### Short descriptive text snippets
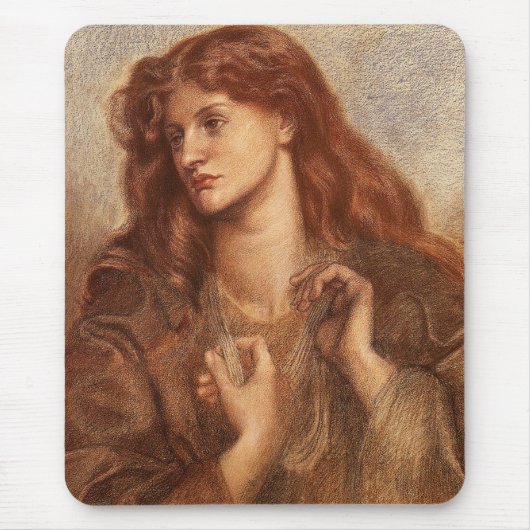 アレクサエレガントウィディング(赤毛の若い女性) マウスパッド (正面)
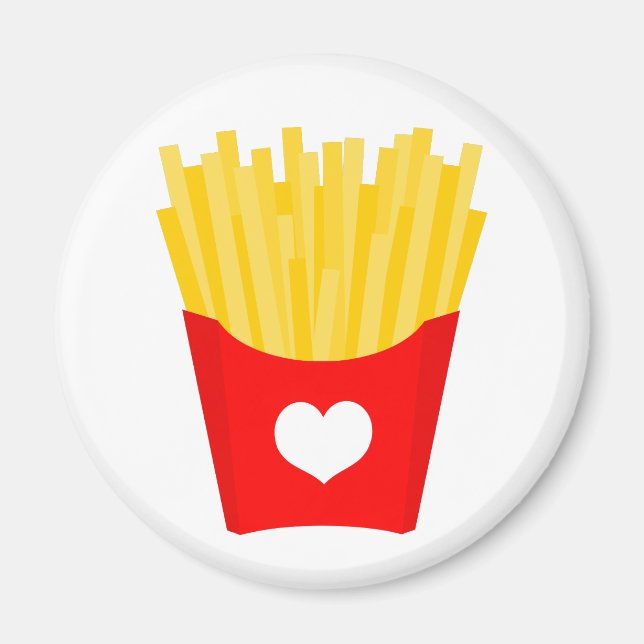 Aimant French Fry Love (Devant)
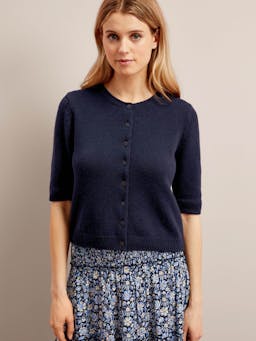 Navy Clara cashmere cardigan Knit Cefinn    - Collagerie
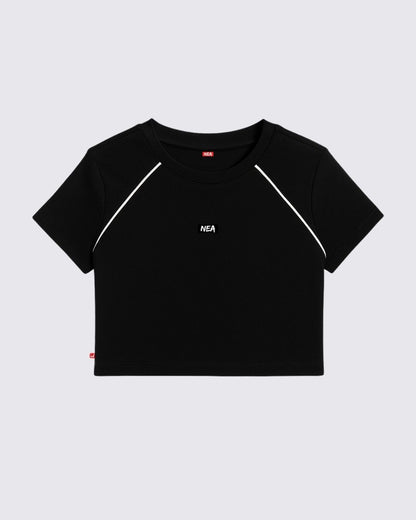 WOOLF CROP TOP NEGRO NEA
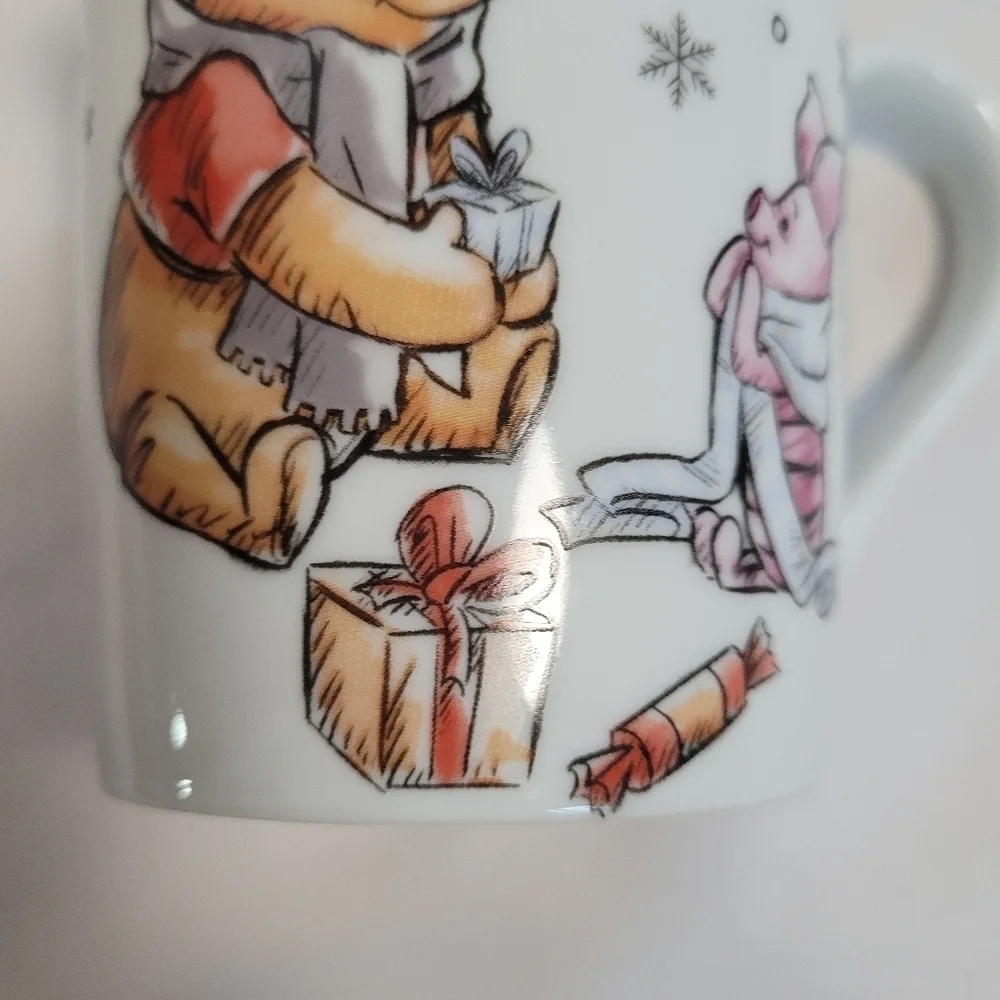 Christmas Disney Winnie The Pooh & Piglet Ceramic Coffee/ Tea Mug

### TASK DETAILS
Print exactly the lines from the one containing "Navy Clara cashmere" through the last line of the records, both included, and leave out the pictures.

### WRITTEN ANSWER
 Navy Clara cashmere cardigan Knit Cefinn    - Collagerie
 WOOLF CROP TOP NEGRO NEA
 Christmas Disney Winnie The Pooh & Piglet Ceramic Coffee/ Tea Mug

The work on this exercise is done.